* MATERIAL FOR THE TASK *
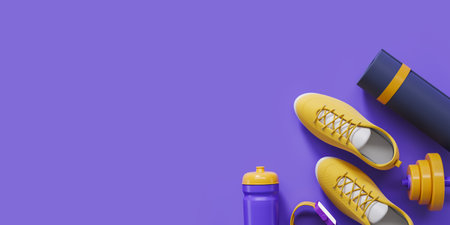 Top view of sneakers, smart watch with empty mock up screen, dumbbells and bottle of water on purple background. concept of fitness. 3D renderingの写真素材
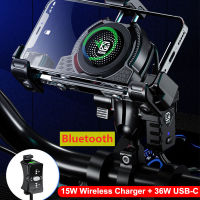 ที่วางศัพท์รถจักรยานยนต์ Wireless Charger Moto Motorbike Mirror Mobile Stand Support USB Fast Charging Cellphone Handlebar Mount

...

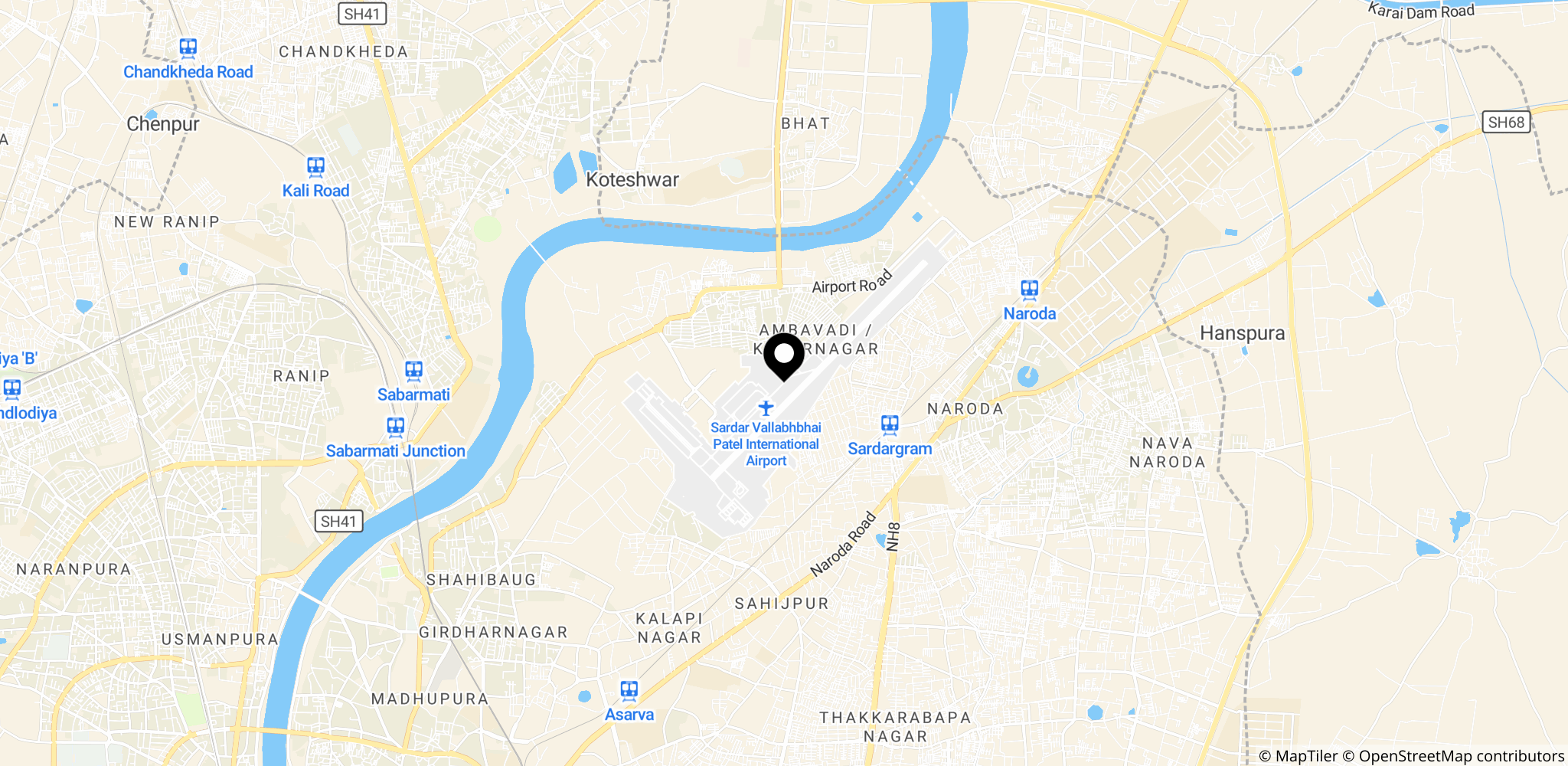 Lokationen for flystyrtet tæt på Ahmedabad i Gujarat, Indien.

* WHAT IS EXPECTED *
Return only the part above that opens with the line containing "Top view of" and closes with the line containing "ที่วางศัพท์รถจักรยานยนต์ Wireless Charger", exactly and with both ends, skipping the pictures.

* RESPONSE BOX *
 Top view of sneakers, smart watch with empty mock up screen, dumbbells and bottle of water on purple background. concept of fitness. 3D renderingの写真素材
 ที่วางศัพท์รถจักรยานยนต์ Wireless Charger Moto Motorbike Mirror Mobile Stand Support USB Fast Charging Cellphone Handlebar Mount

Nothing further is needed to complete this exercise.